--- Captioned web image data ---
++++
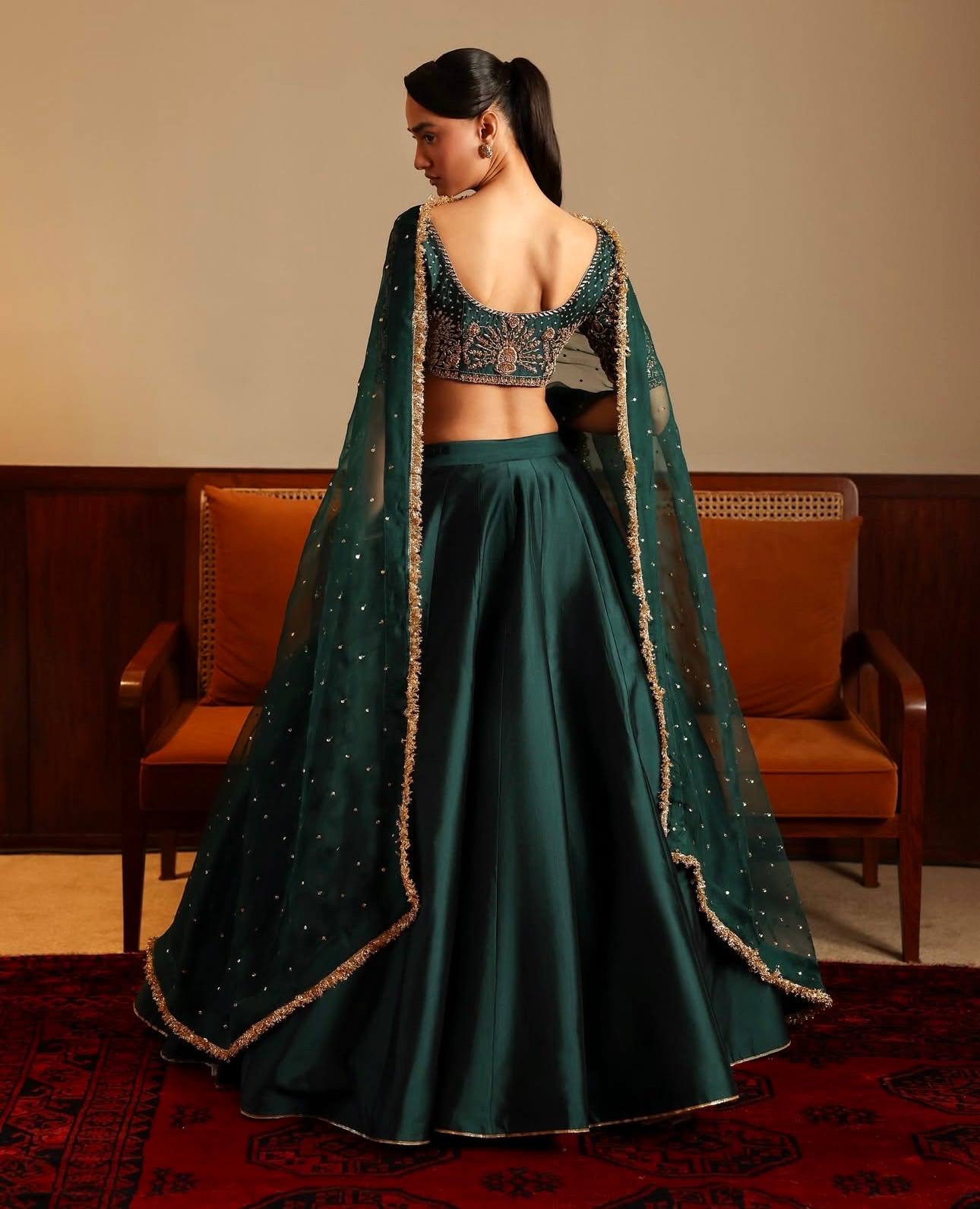 Green Designer Malai Satin Lehenga Choli Set with 4.5 Meter Flair, Sequins Zari Blouse & Net Stone-Work Dupatta – Elegant Wedding & Party Wear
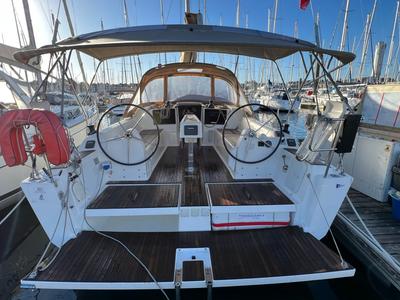 Cockpit of Excalibur, a Dufour 382 Grand Large sailboat at Port Navalo, France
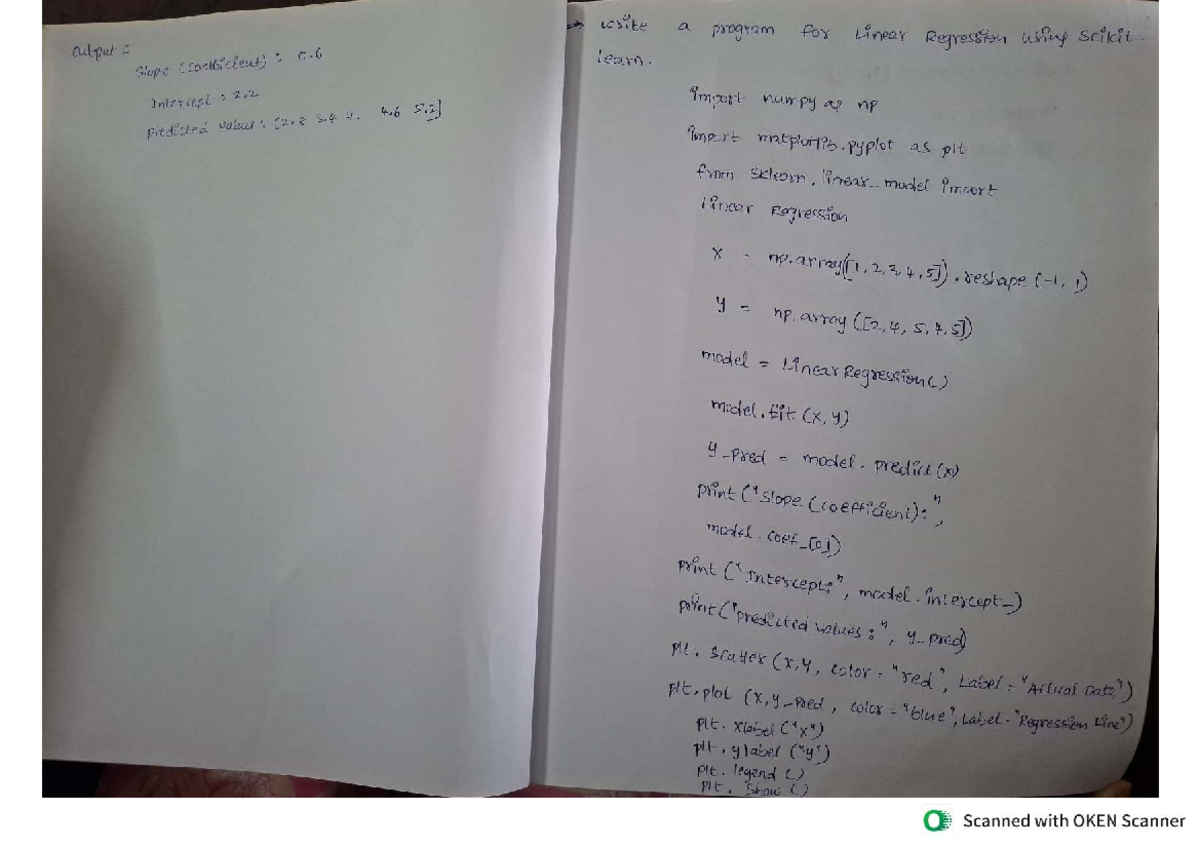 PA Lab Experiment 1-4: Linear & Logistic Regression Programs - Studocu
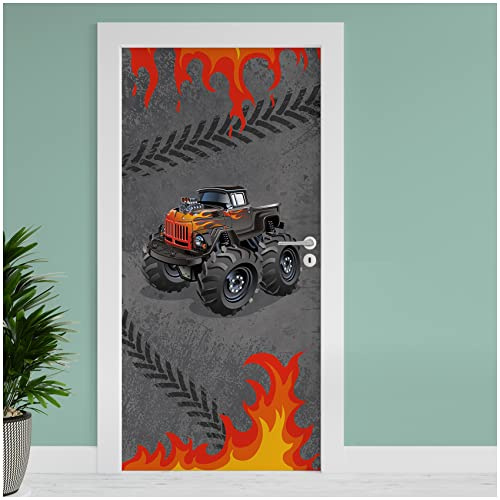 Finest Folia Türfolie 90x200 cm Türtapete Türposter Folie für Tür Wohnzimmer Kinderzimmer Küche Türaufkleber Bad Aufkleber selbstklebend TF04 (14 Monster Truck)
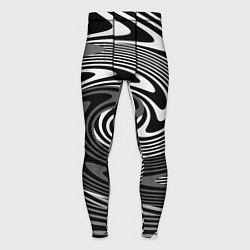 Тайтсы мужские Black and white abstract pattern, цвет: 3D-принт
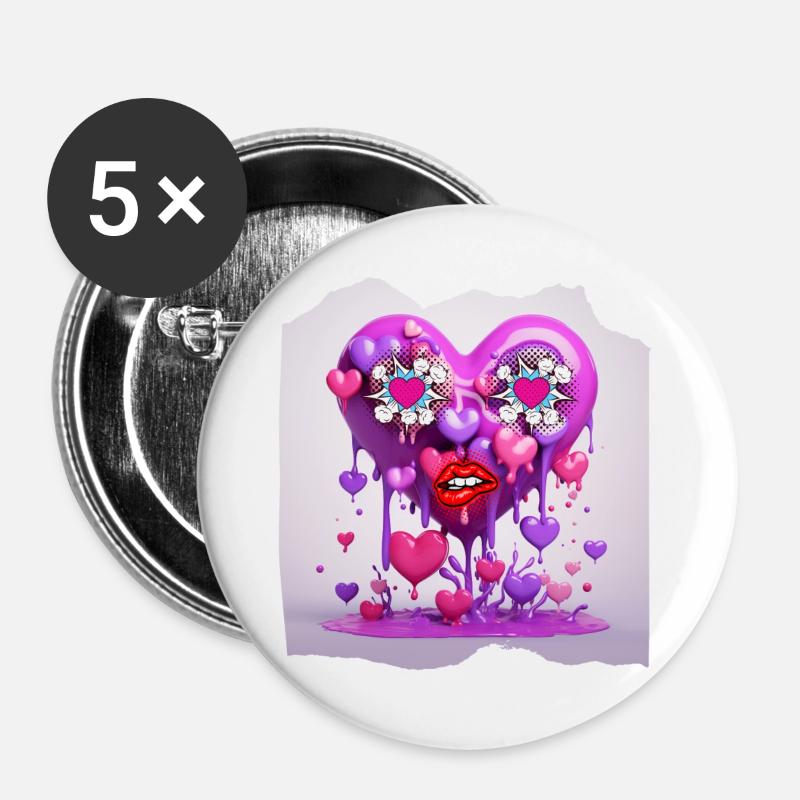 Funny heart - Buttons large 2.2''/56 mm (5-pack) - white
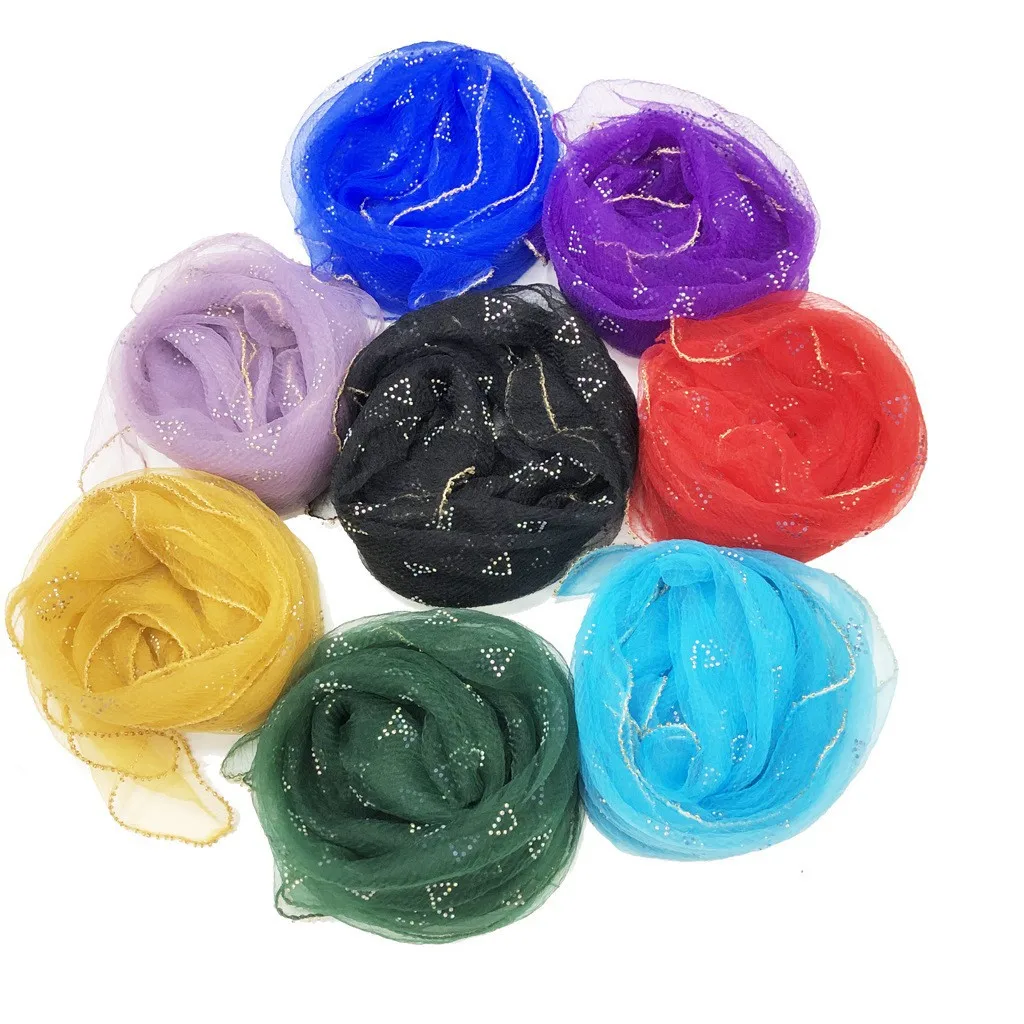 HZW-24123 Fashion Scarf with Rhinestone Shiny Silk Ruffle Hijabs Muslim Women Square Shawl Beaded Edge Muslim Hijabs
++++
--- Try it ---
Retype the lines exactly as they appear, beginning with the line that contains "Finest Folia Türfolie" and ending with the final line of the entries, and omit the pictures.

--- Answer space ---
 Finest Folia Türfolie 90x200 cm Türtapete Türposter Folie für Tür Wohnzimmer Kinderzimmer Küche Türaufkleber Bad Aufkleber selbstklebend TF04 (14 Monster Truck)
 Тайтсы мужские Black and white abstract pattern, цвет: 3D-принт
 Funny heart - Buttons large 2.2''/56 mm (5-pack) - white
 HZW-24123 Fashion Scarf with Rhinestone Shiny Silk Ruffle Hijabs Muslim Women Square Shawl Beaded Edge Muslim Hijabs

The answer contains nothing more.